- [WORK TO BE COMPLETED]
Once the line holding "1 создание рабочих" is found in the entries below, transcribe exactly every line up to and including the one holding "Best of alexander", but leave out the pictures.

**** PROVIDED DATA ****

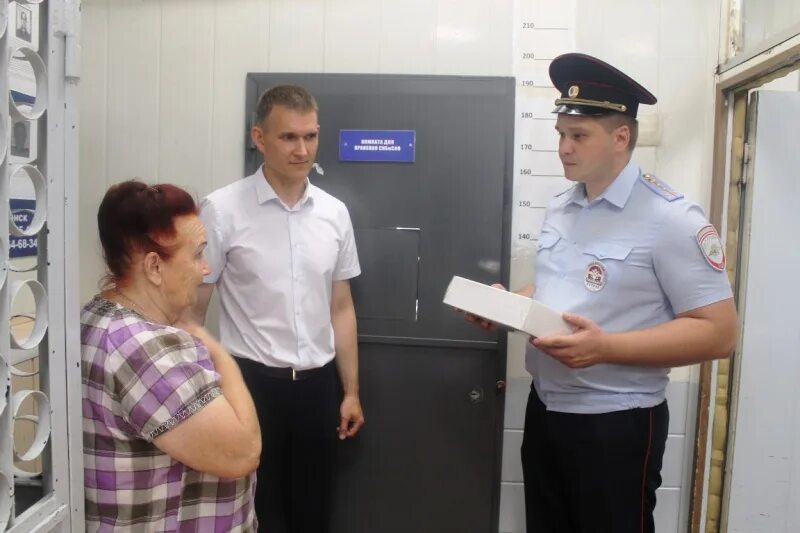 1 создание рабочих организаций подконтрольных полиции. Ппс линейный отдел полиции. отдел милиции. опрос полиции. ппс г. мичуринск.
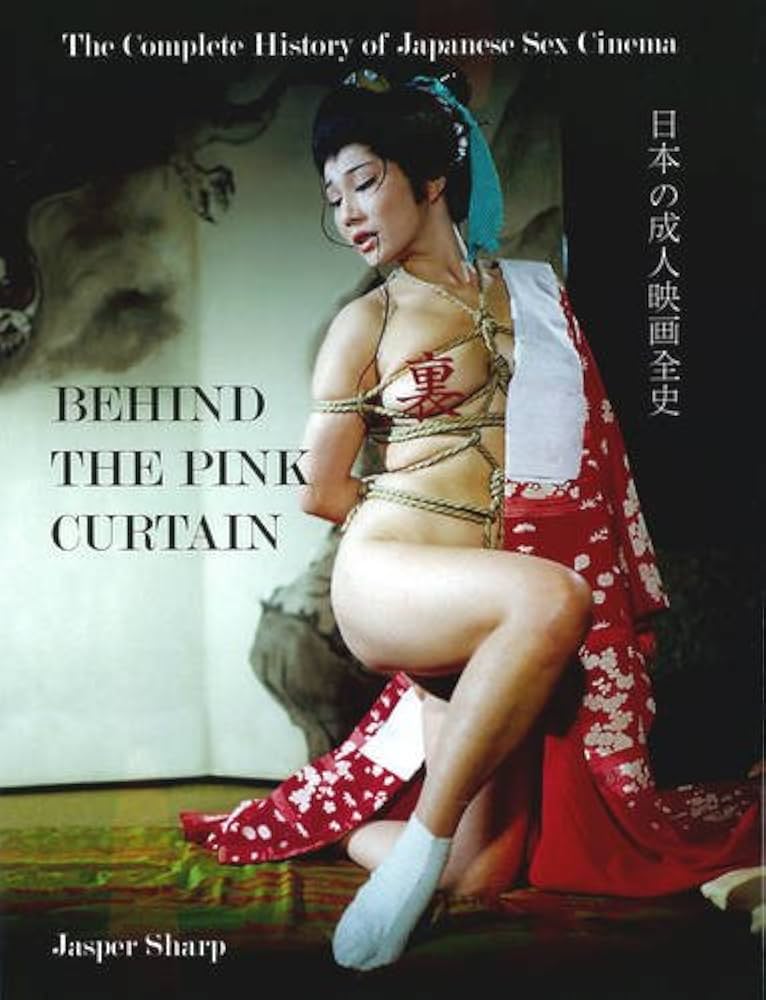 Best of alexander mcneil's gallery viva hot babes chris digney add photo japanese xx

****
**** PROVIDED DATA ****

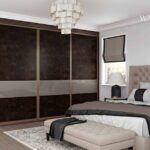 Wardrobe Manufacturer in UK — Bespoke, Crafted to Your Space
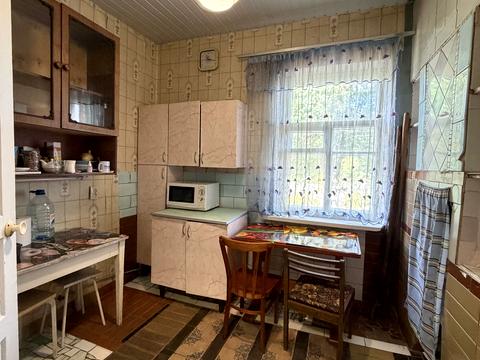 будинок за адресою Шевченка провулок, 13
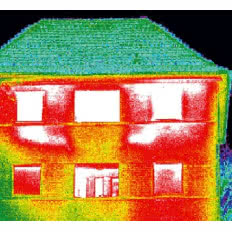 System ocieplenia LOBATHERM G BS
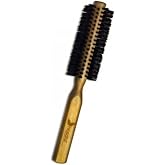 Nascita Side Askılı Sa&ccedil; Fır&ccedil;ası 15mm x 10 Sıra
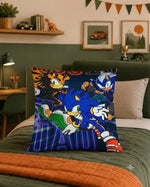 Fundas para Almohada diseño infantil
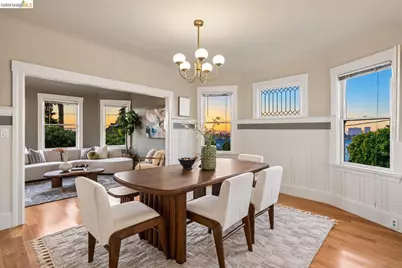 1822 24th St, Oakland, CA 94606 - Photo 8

****

- [SOLVED EXERCISE]
 1 создание рабочих организаций подконтрольных полиции. Ппс линейный отдел полиции. отдел милиции. опрос полиции. ппс г. мичуринск.
 Best of alexander mcneil's gallery viva hot babes chris digney add photo japanese xx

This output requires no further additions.